Every test should be stable, independent, and readable.

Stable

Stable tests need to be changed less frequently than unstable tests. Change isn't always avoidable, but stability can be maximized by writing tests that only depend on the public interfaces of the code under test. In this way only interface changes require tests to be modified. For small tests this requirement means only calling public functions and methods. In large tests, this may mean different things depending on the context. In a web application, for example, stability might require only depending on the public HTTP API.

Independent

A test should stand on it's own two feet and be self-contained. No test should depend on another test to run.

Readable

Readability is as important in test code as it is in production code. A test is most likely the first thing a developer will read when they make a change that causes the test to fail. The test itself is then the first and best opportunity to correct a misunderstanding about how the production code works. This observation argues not just for cleanliness of the test code but also for maximum clarity and significance in the test name and its assertion messages.

Small Tests

AKA: Unit tests

Most developers in their day-to-day work will be reading, writing, and running small tests. The small test workflow has a critical impact on a developer's productivity. In order to have the best impact possible, all small tests should be extremely fast, maximally isolated, and portable. The goal is that any developer can run tests after each small change and that any failing test will be as useful as possible in helping to diagnose the problem.

Example: Unit tests that test application logic of each class fall under this category.

Speed

Small tests should not take longer than 1/10th of a second to run--and on average they should run much faster than that [Feathers 2005]. The idea is that a developer can get feedback on the effects of a code change in a few seconds. How do we make sure small tests run this fast? There are a few rules to follow. [Feathers 2005]

Small tests do not talk to a database.
Small tests do not touch the file system.
Small tests do not communicate across a network.
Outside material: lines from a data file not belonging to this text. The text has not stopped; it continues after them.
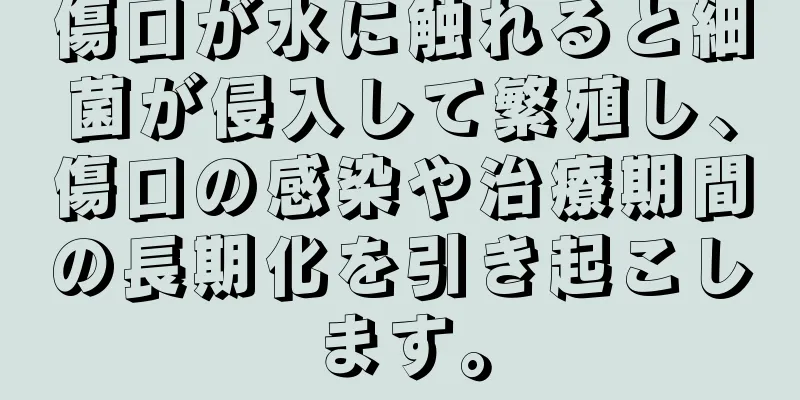 傷口が水に触れると細菌が侵入して繁殖し、傷口の感染や治療期間の長期化を引き起こします。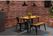 Bolero HZ816 Bistro Bank met Latten van Mangohout Zwart 850 mm (2 stuks) 7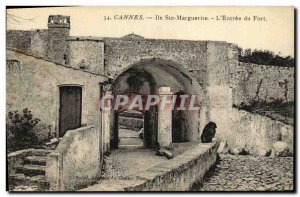 Old Postcard Cannes Ile Ste Marguerite L Entree Fort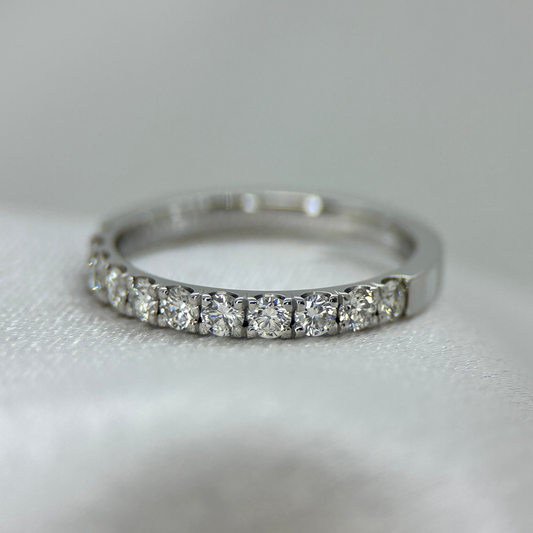 18K Halvalliansring, 0.55ct storlek 52½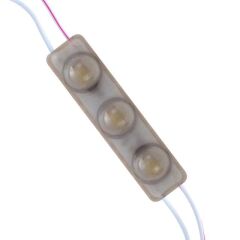 Powermaster 12 Volt 1.5 Watt Soğuk Beyaz Yanıp Sönen Parlak Tek Renk 6916 - 2835 69 X 16 Mm Ip65 160 Derece Modül Led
It's not that these are bad things to do in tests. It's just that tests that cover these areas take too long to provide feedback. Hence, they are the province of medium and large tests and are run as part of a larger development cycle.

Isolation

Small tests should test at the finest granularity of all sizes of tests. This ensures that it is very easy to find the exact source of a problem when tests fail--perhaps just from the name of the test itself. Isolation can be achieved by having only one concept per test. Often, this means only one function in only one class should be tested at a time. In practice, if a small test restricts itself to one feature of a few collaborating classes from the same package, it may be sufficiently isolated. Again, sufficient isolation means that it is very easy for a developer to find the source of the problem when a test fails.

Portability

Small tests should be able to be run by any developer without requiring more hardware resources than it takes to develop.

Medium Tests

AKA: Functional Tests

Medium-sized tests are less isolated and slower to run than small tests, but just as portable. The medium testing level is where we can bring in real dependencies like database, file system, or hypervisor interaction. It is also acceptable to employ fake dependencies to isolate a subsystem for testing. Medium tests should not require a full deployment of the system under test. So, for example, medium tests might require a local sqlite database, but must not require a mysql server installation. In this way, any developer can run medium tests locally, but not as frequently as small tests because they are not expected to run as fast.

There are a lot of different approaches that fit under the category of medium testing. But too much testing at this level risks making the system hard to change and duplicating effort. Therefore, a project-specific strategy is required to make medium tests most effective.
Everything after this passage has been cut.